- [EXERCISE DETAILS] Ignoring every picture, return the lines of the listing below word for word, from the line that holds "이재명 경기도지사(가운데)가 26일" through the line that holds "May include: Clear".

- [MATERIAL TO PROCESS]
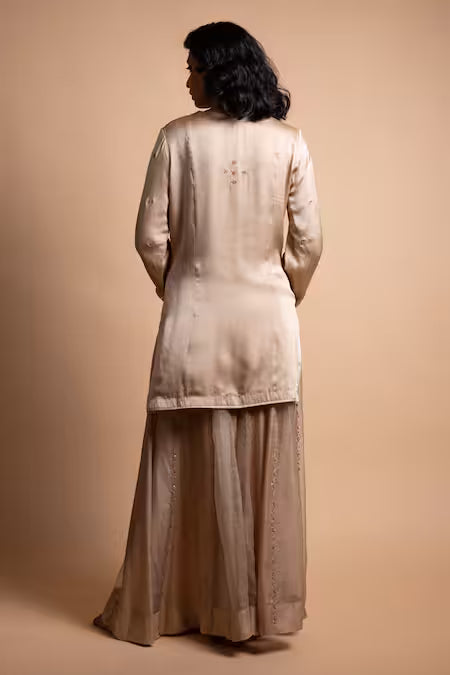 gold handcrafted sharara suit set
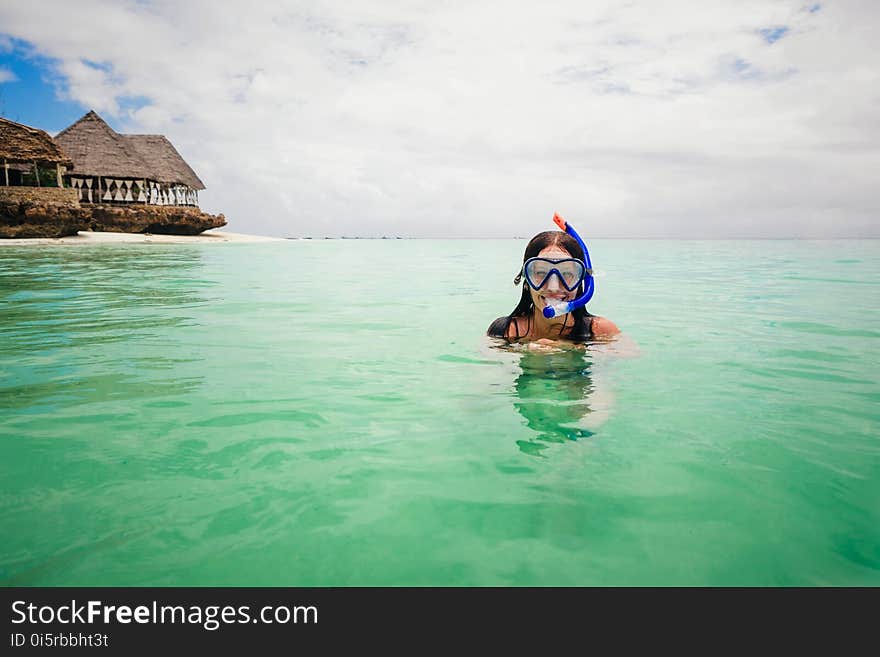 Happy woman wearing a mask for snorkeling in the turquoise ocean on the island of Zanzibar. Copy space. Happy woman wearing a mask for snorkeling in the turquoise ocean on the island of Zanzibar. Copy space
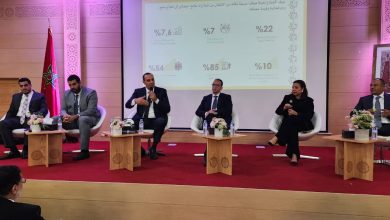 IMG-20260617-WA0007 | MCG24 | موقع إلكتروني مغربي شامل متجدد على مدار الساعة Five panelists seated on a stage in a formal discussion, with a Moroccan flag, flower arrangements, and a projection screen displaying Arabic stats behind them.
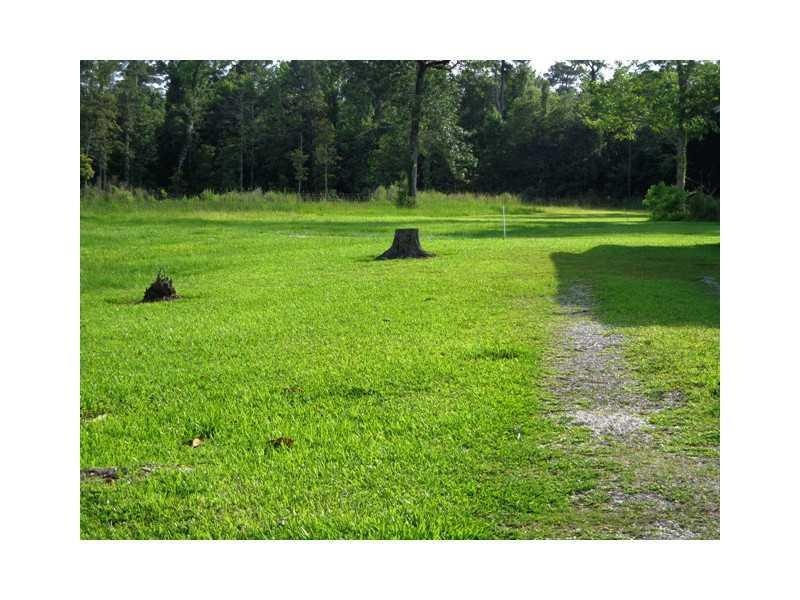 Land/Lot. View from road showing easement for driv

...

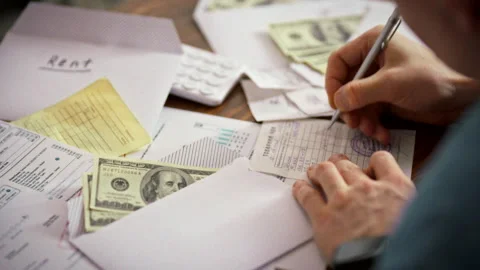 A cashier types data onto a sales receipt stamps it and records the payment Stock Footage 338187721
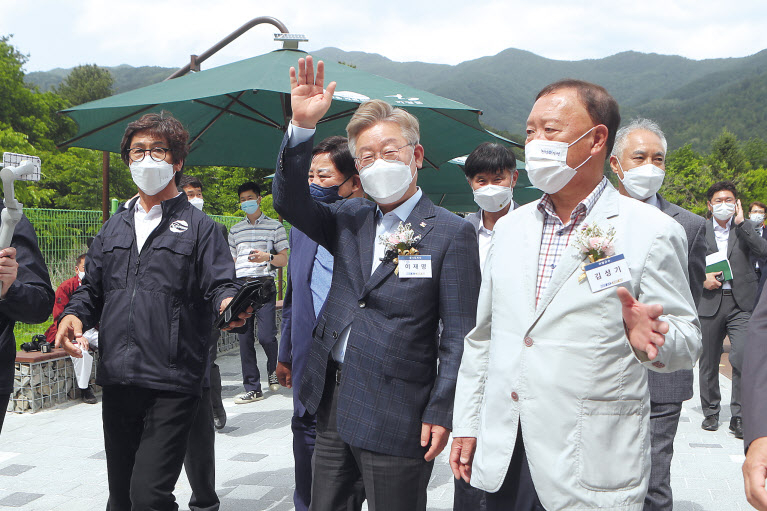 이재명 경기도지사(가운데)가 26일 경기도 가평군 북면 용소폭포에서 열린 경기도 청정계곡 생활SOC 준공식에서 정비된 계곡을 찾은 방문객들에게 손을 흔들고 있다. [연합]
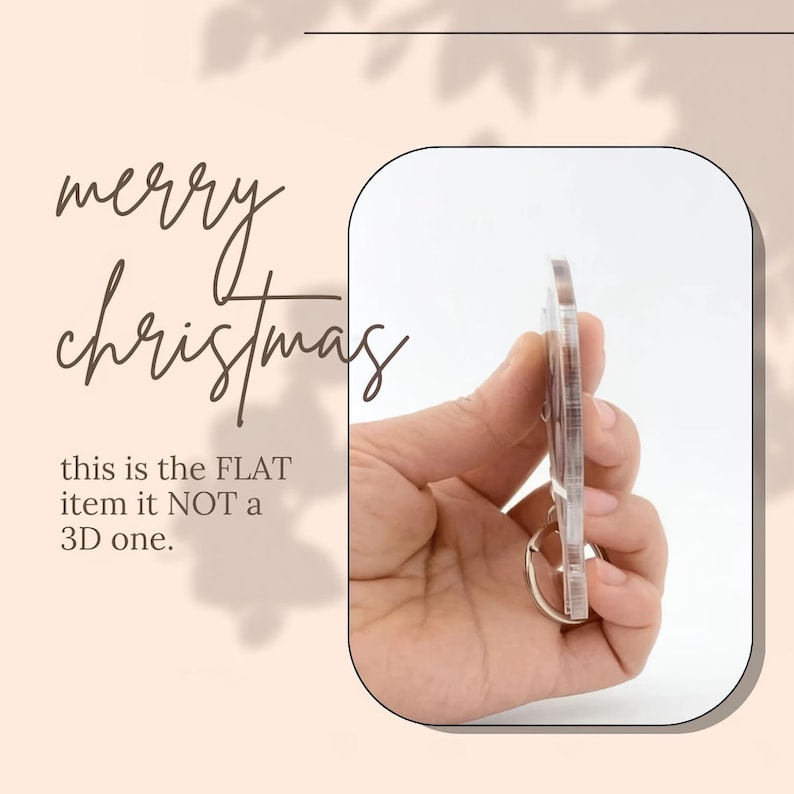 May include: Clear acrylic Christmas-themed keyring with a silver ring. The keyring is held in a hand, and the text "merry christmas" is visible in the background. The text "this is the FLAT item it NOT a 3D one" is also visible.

...

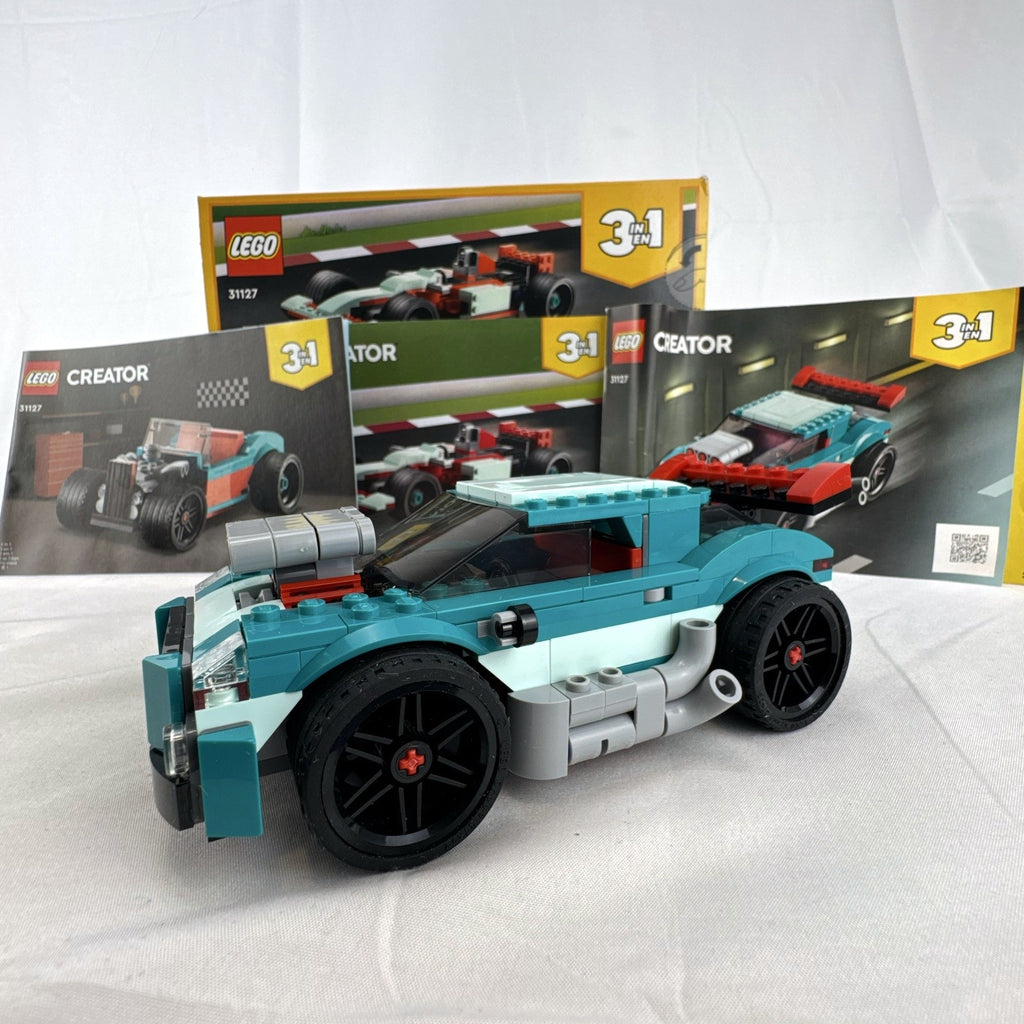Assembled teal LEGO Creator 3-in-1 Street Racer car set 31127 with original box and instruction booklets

- [RESULT OF THE TASK]
 이재명 경기도지사(가운데)가 26일 경기도 가평군 북면 용소폭포에서 열린 경기도 청정계곡 생활SOC 준공식에서 정비된 계곡을 찾은 방문객들에게 손을 흔들고 있다. [연합]
 May include: Clear acrylic Christmas-themed keyring with a silver ring. The keyring is held in a hand, and the text "merry christmas" is visible in the background. The text "this is the FLAT item it NOT a 3D one" is also visible.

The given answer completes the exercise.